WHAT TO DO: Look in the listing below for the line that has "Spisestuen finner sin", then return it and each following line up to and including the one with "England's Ajmal Shahzad", exactly and without pictures.
------
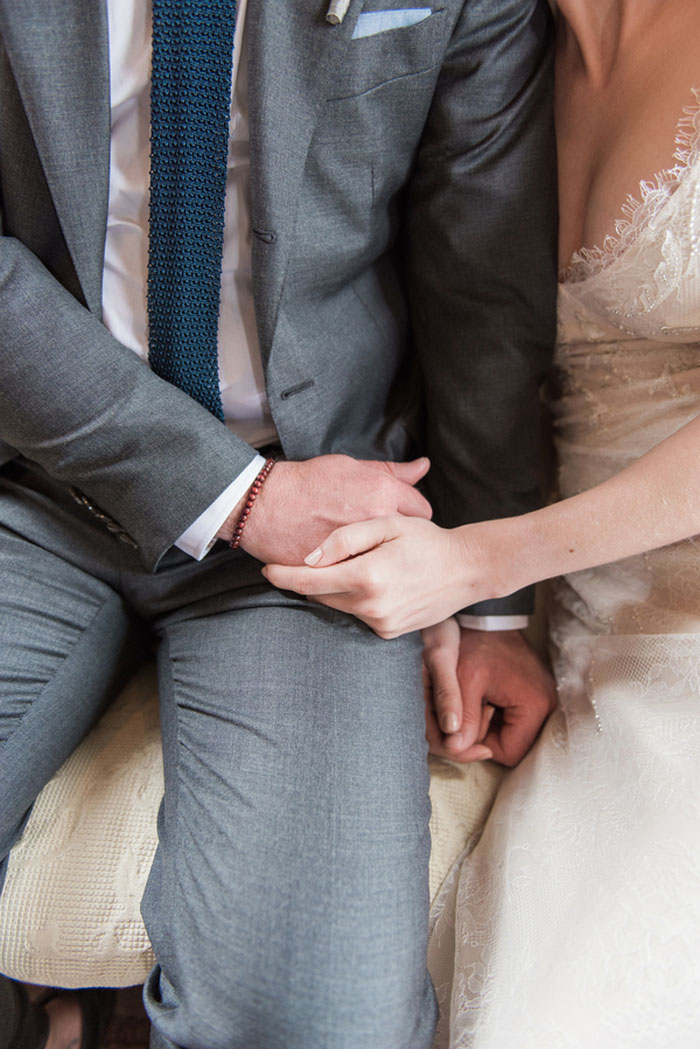 brie and groom holding hands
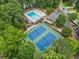 Aerial shot of community amenities, including a pool, tennis courts, and well-maintained landscaping at 992 Marbury Sw Ct, Marietta, GA 30064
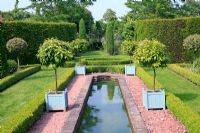Reconstruction of an Eighteenth Century canal garden. Lollipop trained citrus trees growing in Versailles tubs around pond. The Dower House, Morville Hall Gardens
 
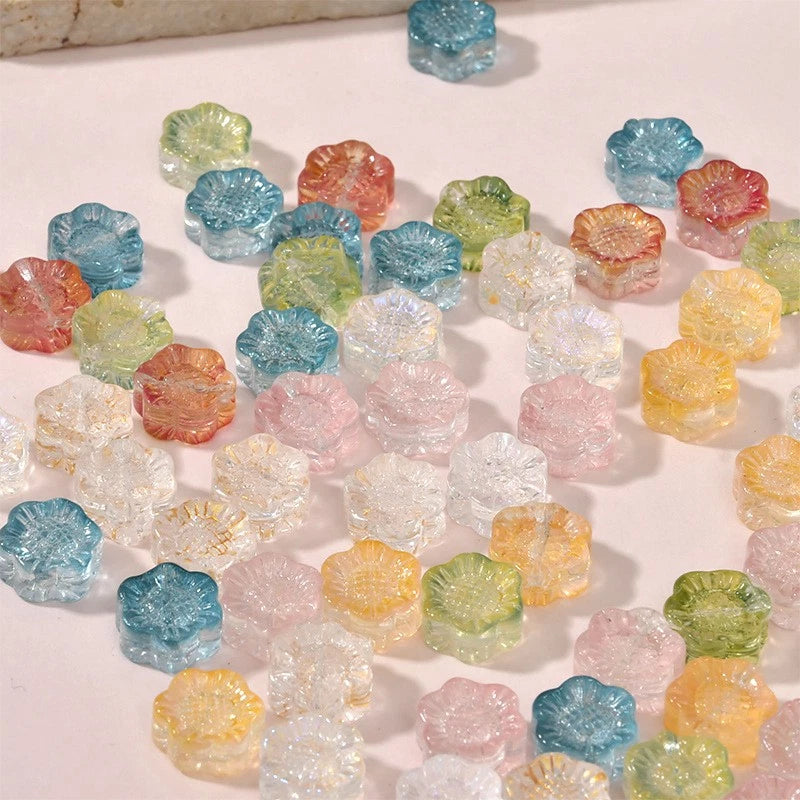 Handmade lampwork glass sunflower spacer beads, assorted pastel colors, for jewelry making.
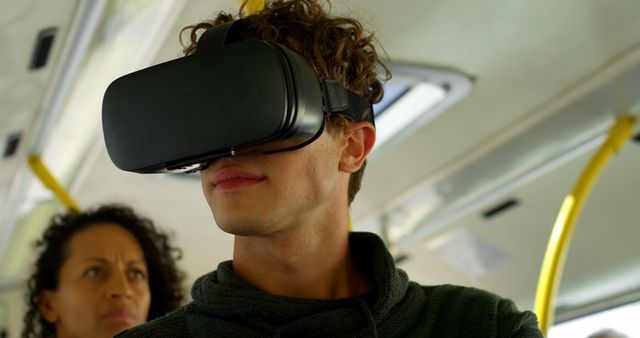 Young Man Wearing VR Headset on Public Transportation - Download Free Stock Images Pikwizard.com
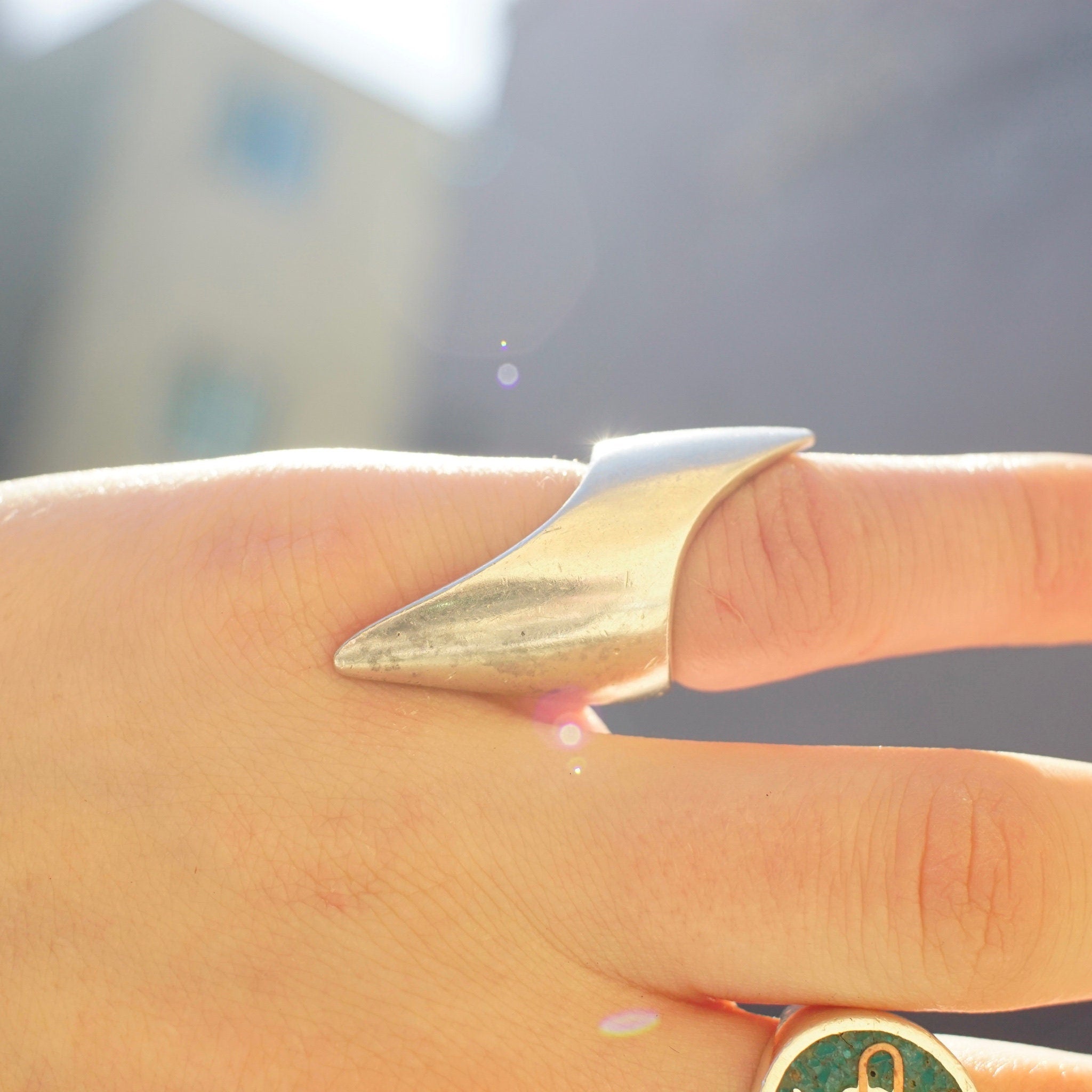 Vintage sterling silver lightning bolt ring on a person's finger, featuring elongated points and a petite design, made in Israel with 925 silver, size 5 1/2 US.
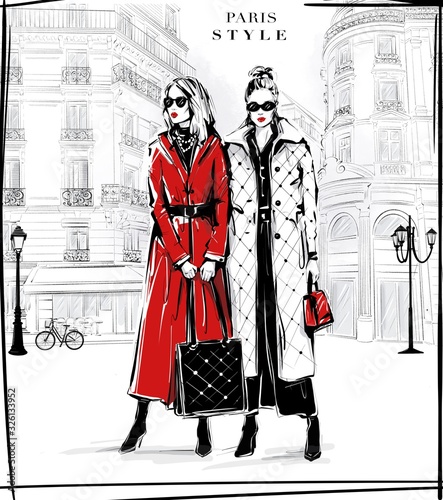Hand drawn two beautiful young women in sunglasses. Fashion women with Paris street background. Girls in fashion clothes. Sketch. Fashion illustration.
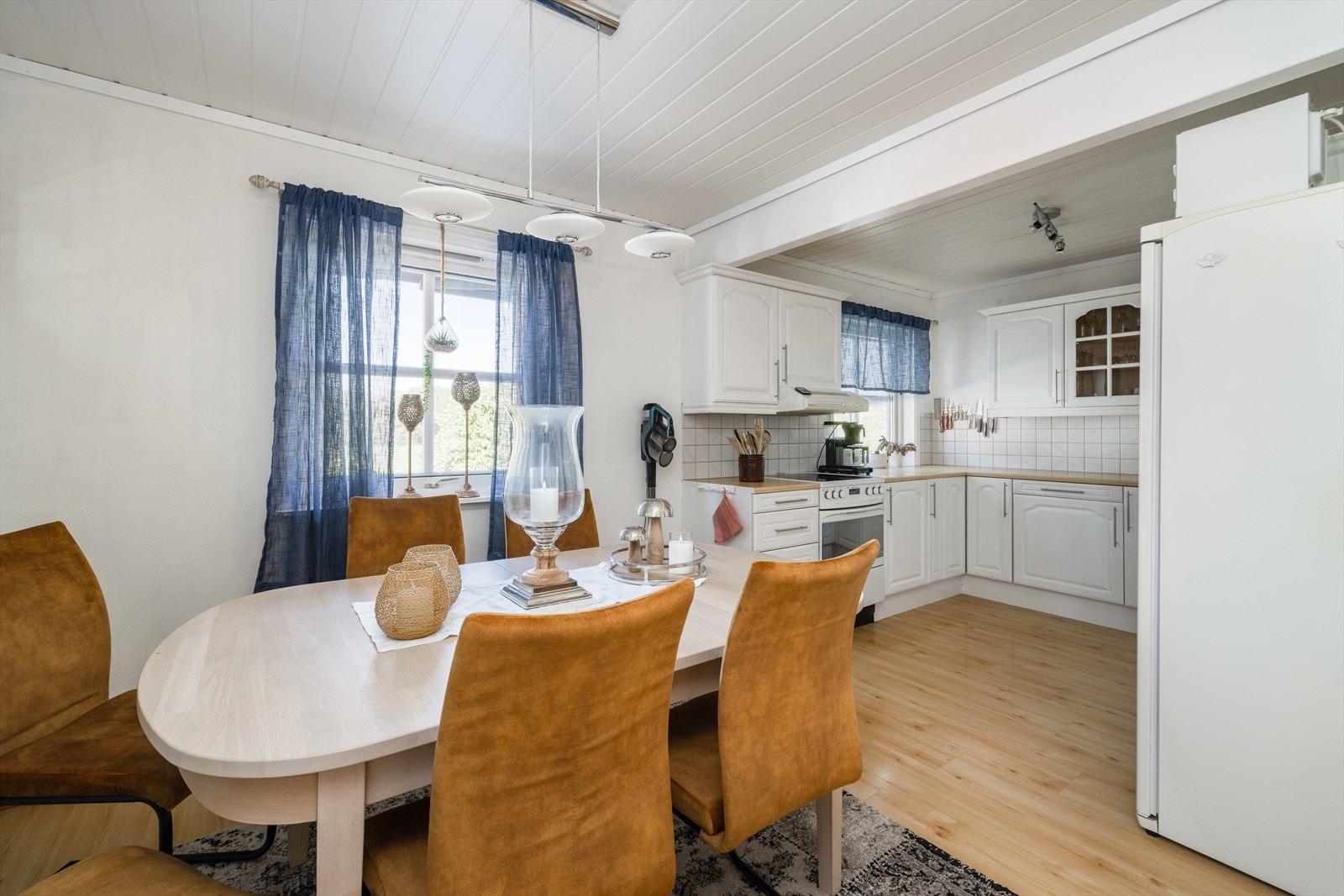 Spisestuen finner sin naturlig plassering ved kjøkkenet som ligger i delvis åpen løsning. Kjøkkenet har velholdt kjøkkeninnredning fra byggeår. Galleribilde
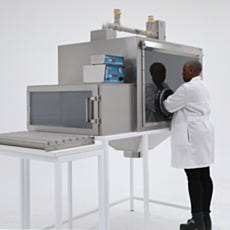 Nitrogen purged and ULPA filtered SS glovebox isolator with rollers and funnel to empty heavy bags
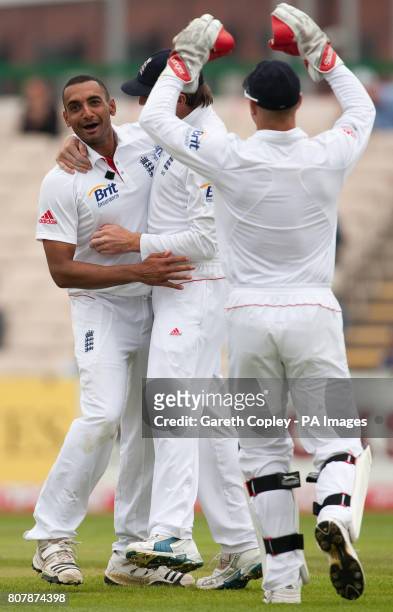 England's Ajmal Shahzad celebrates after dismissing Bangladesh's Shakib Al Hasan during the second test at Old Trafford, Manchester.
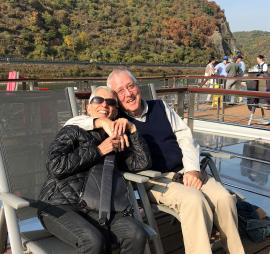 Rabbi Sheila Peltz Weinberg with husband Maynard Seider, seated with lake and mountains in the background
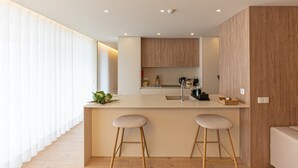 A modern kitchen with a central island, two bar stools, wooden cabinets, and a large window with sheer curtains. - GuestReady - Elegant beachside stay in Apúlia (Apúlia e Fão)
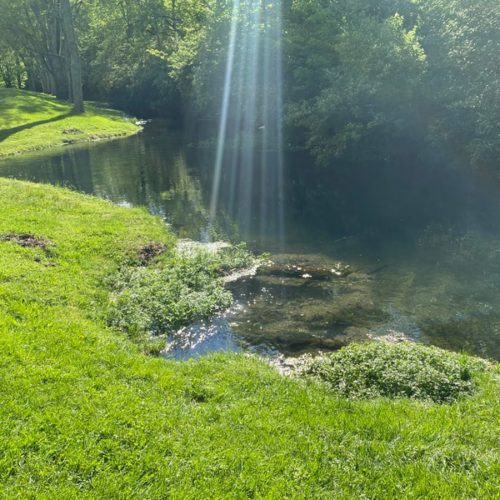 Concentrated light rays coming from the sky and bouncing off the water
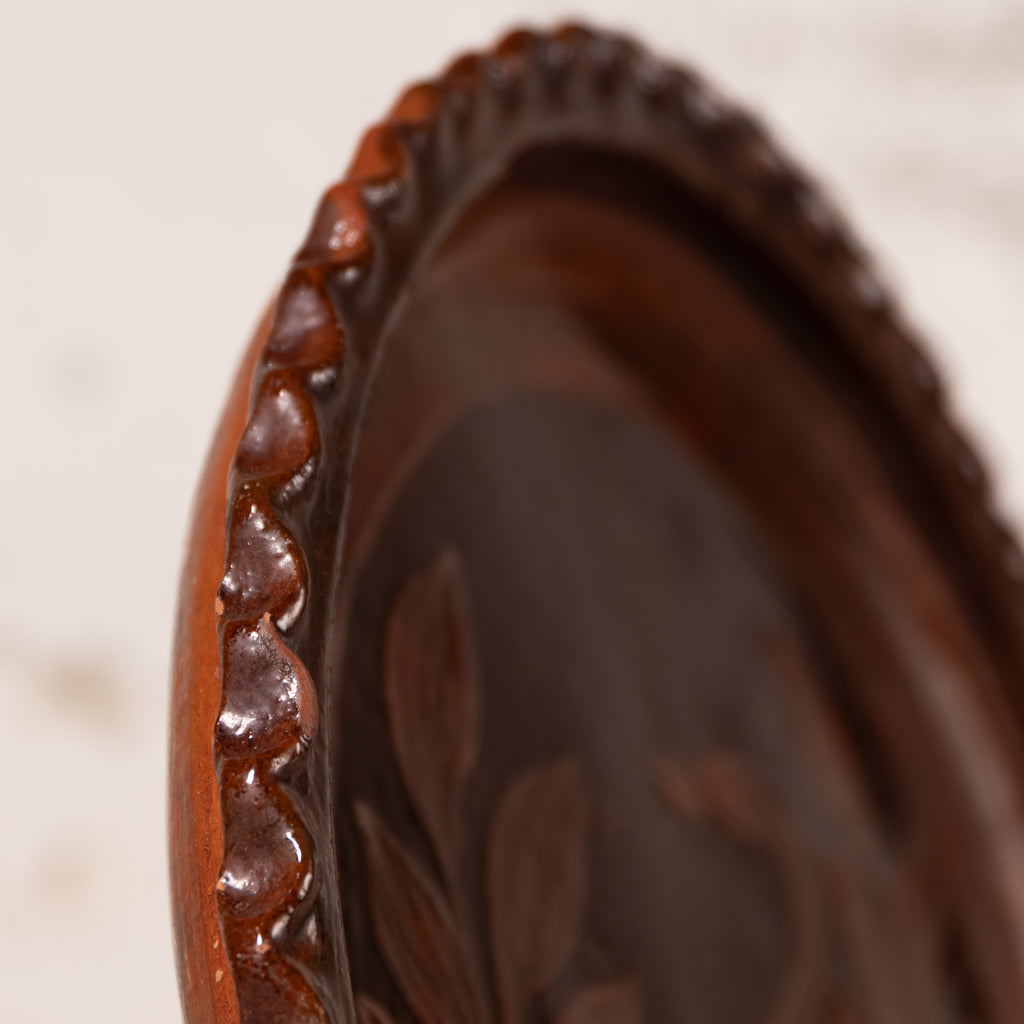 Close-up of a dark brown carved wooden tray or plate with a scalloped rim and leaf-like relief details, photographed against a softly blurred light background.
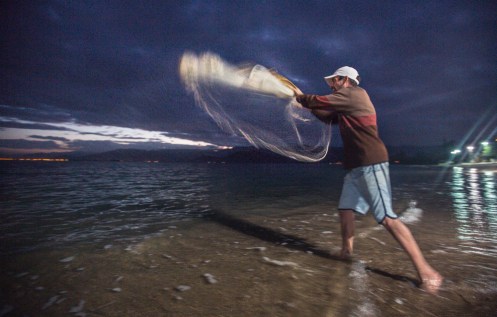Xexeo lanzando la red de mano desde la playa.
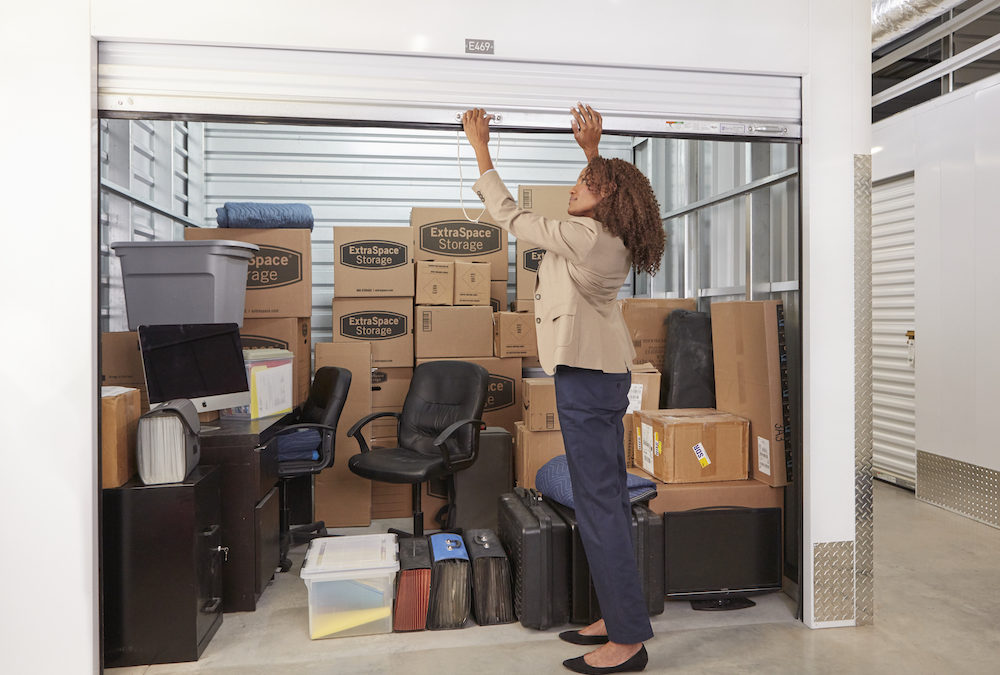 Black Woman Closing the Door of her Self Storage Unit with Boxes Inside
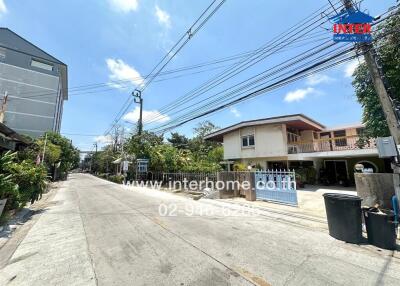 Exterior street view showing a residential neighborhood with detached houses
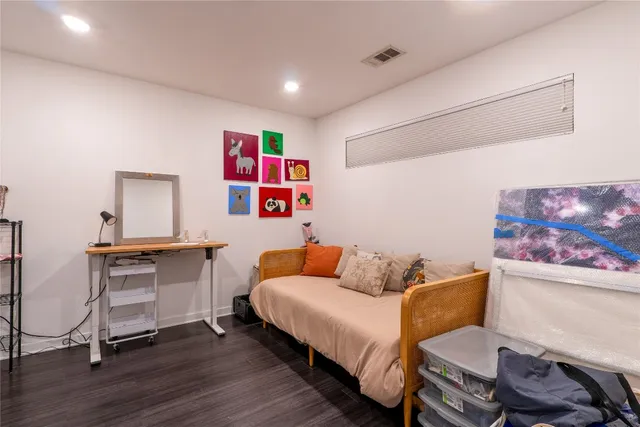 a storage room with wooden floor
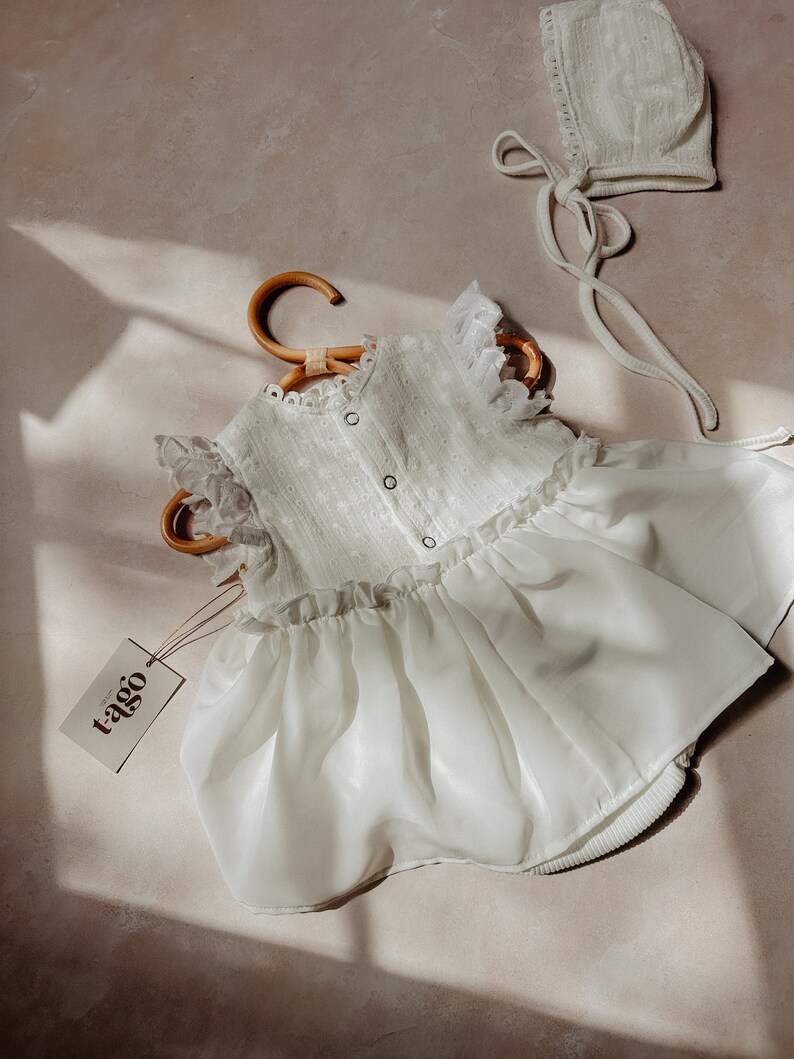 May include: A white baby dress and bonnet set. The dress has a ruffled bodice, eyelet detailing, and a flowing skirt. The bonnet features a lace trim and ties. The dress is on a wooden hanger, with a tag that reads "tago".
------
SOLVED PROBLEM:
 Spisestuen finner sin naturlig plassering ved kjøkkenet som ligger i delvis åpen løsning. Kjøkkenet har velholdt kjøkkeninnredning fra byggeår. Galleribilde
 Nitrogen purged and ULPA filtered SS glovebox isolator with rollers and funnel to empty heavy bags
 England's Ajmal Shahzad celebrates after dismissing Bangladesh's Shakib Al Hasan during the second test at Old Trafford, Manchester.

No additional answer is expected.